- Born: 8 December 1974 (age 51) County Tyrone, Northern Ireland
- Education: University of St. Andrews
- Employer: Flick
- Title: CEO
- Spouse: Lesley Eccles ​(m. 2004)​
- Children: 3

= Nigel Eccles =

Northern Irish businessman

Nigel Eccles (born 8 December 1974) is a technology entrepreneur and the CEO of the online crypto casino BetHog. He is best known for being the co-founder and CEO of Hubdub and FanDuel.

== Early life ==
Eccles was born on 8 December 1974 in County Tyrone, Northern Ireland.
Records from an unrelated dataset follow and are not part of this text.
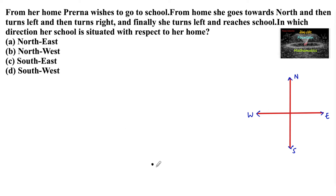So let us mark the home of Praerina as H. From home she goes towards north, means in the upper direction. She goes towards north and then turns left. When she was in the north direction and she turns left, it means she is moving towards the west direction. She is moving towards the west direction and then again turns right.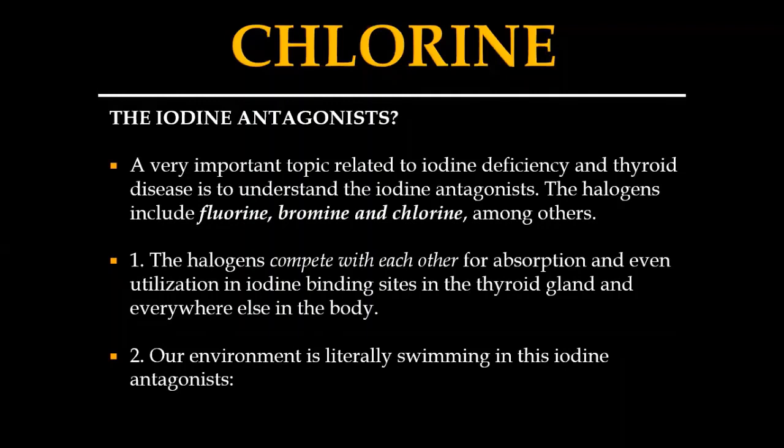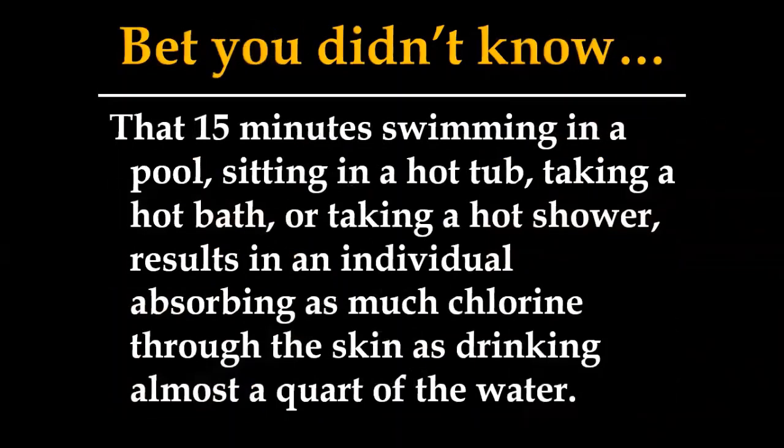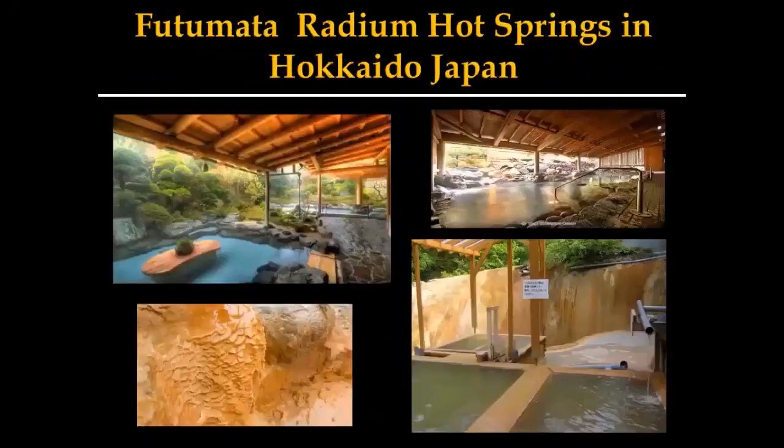That deals with weight, immune function, and metabolism. The problem is this stuff is everywhere — tap water, baths, showers, pools, exercise facilities, hot tubs. If you eat at a restaurant that cooks pasta in tap water, you're getting chlorine in your spaghetti. The scary thing I found when I did the research: if you swim in a pool for 15 minutes or sit in a hot tub for 15 minutes, you absorb through your skin the equivalent of almost a quart of that water. You might as well chug 32 ounces of it — that's how much is absorbed through your skin.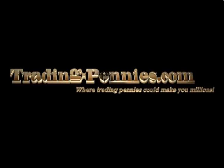Welcome to TradingPennies.com Chart of the Week, where every week we will examine the trading strategy behind one of our explosive daily stock picks. All of our strategies are covered in detail in our manual, Learn How Professionals Trade the Penny Stock Market, available on our site at Trading-Pennies.com.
He was educated at the Cookstown High School and majored in pure mathematics at University of St Andrews.

==Career==
Eccles launched the online political prediction market Hubdub in 2007. Later he stated that Hubdub lacked a sustainable business model, prompting the company’s focus to shift, eventually evolving into FanDuel.

Eccles co-founded the daily fantasy company FanDuel in 2009. Beginning in 2016, he oversaw plans for a merger between FanDuel and Draftkings, which was blocked by the Federal Trade Commission in 2017.

In November 2017 Eccles left FanDuel to pursue a new venture in the esports industry.

In January 2018, Eccles co-founded an Edinburgh-based video game and social streaming platform Flick.

In May 2020, Eccles co-founded StarStock, a platform for buying and selling sports cards. In March of 2021, StarStock raised $8 million in a round of funding, with investors including Andreesen Horowitz and Atlanta Hawks guard Trae Young.

== Personal life ==
Eccles married Lesley in 2004; she was also a co-founder of FanDuel. They have three children.